C’est un mot que l’ordinateur ne reconnaît pas.
Je me demande pourquoi.
J’entends un talkie walkie.
Il paraît qu’il y a une performance qui vaut la peine juste après.
Très tonique.
Avec des lumières stroboscopiques. Je précise parce qu’il peut y avoir des personnes sensibles.
C’est précisé à l’entrée d’une salle à Beaubourg. Au centre Pompidou.
Mais je n’ai jamais vu d’accident.
Je suppose que ça peut arriver.
Mais parfois les musées préfèrent prévenir. Etre encore plus prudents.
Il y a eu beaucoup de réformes de l’orthographe. Je m’en rends compte parce que, quand j’étais petite, on nous faisait mettre les accents sur les majuscules et ça n’a pas l’air possible sur un ordinateur aujourd’hui.
Il n’y a plus qu’une seule personne debout, au fond.
J’ai vu passer un fauteuil roulant au loin.
Le Palais de Tokyo n’est pas très adapté à ça.
En 2012, des visiteurs s’étaient plaints de l’inaccessibilité de certaines œuvres pour les personnes à mobilité réduite.
Elle est arrivée en haut des escaliers. Heureusement que je n’ai pas dit « handicapé » parce qu’il parait que c’est vexant.
Moi je ne trouve pas ça vexant.
Je n’ai pas voulu vexer (au cas où).
Il y a d’autres musées qui vont fermer pour rendre accessibles d’autres salles.

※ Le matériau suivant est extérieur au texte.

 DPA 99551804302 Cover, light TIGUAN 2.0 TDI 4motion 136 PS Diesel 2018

Avec toutes les rampes dans un sens et dans l’autre, j’ai vu des personnes se prendre les pieds.
Ici, au Palais de Tokyo.
La personne en fauteuil est repartie. Je me demande ce qu’elle a pensé de ne lire que ce passage…
J’aurais peut-être pu tenter quelque chose de plus gai, parler des œuvres où il y a de la musique.

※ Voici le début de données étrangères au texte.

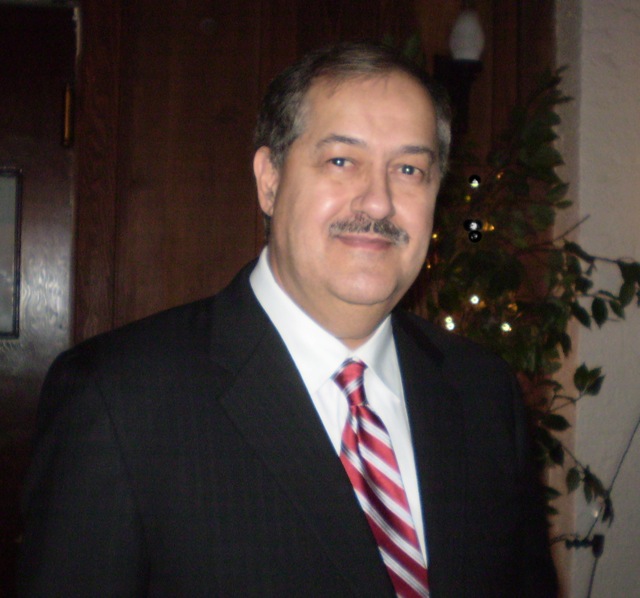 Don Blankenship Net Worth 2021: Age, Height, Weight, Wife, Kids, Bio-Wiki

Ce soir, il y a une fête au Yoyo. Mais c’est en plus du pass 3 jours.
On se disait avec Steve que ça revient cher pour une famille de sortir dans les lieux culturels.

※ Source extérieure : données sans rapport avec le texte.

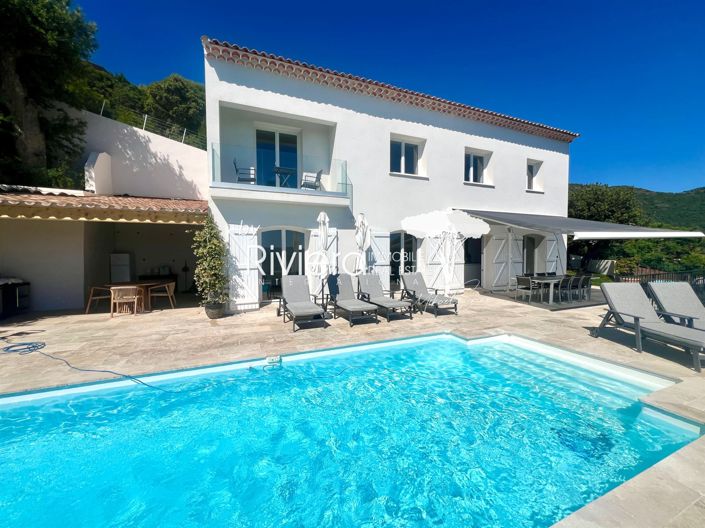 Image No.4-4 Bed House for sale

Mais j’imagine qu’ils n’emmènent pas leurs enfants en bas âge au Yoyo faire la fête toute la nuit ensuite.
Certains se lèvent.
D’autres arrivent.
J’ai eu un pantalon avec des motifs comme ça, mais je trouve qu’il me grossit.
J’ai souvent peur de ça, d’avoir l’air grosse.
Une fois, ma grand-mère m’a dit que j’avais l’air grosse. J’avais un pantalon rose.
Quand j’ai mis un pantalon rouge, elle a pleuré.
Depuis, je ne mets que des couleurs sombres en bas.
Je devrais y penser, à essayer d’autres choses.
Je ne sais pas ce qu’en dit ma maman qui est là assise et qui lit.
Je sais qu’elle aime bien les motifs et les chaussettes colorées.
Elle a des chaussures vertes aujourd’hui.
Moi, j’en ai de toutes les couleurs, mais pour le travail, on m’a dit de m’habiller en noir, blanc ou gris.
Je ne sais pas qui est « erwan » mais j’ai entendu son nom.
C’est un nom Breton.
On reconnait bien les noms bretons.
Moi, on me demande souvent si je suis italienne. Pourtant, Paloma, ça n’est pas Italien.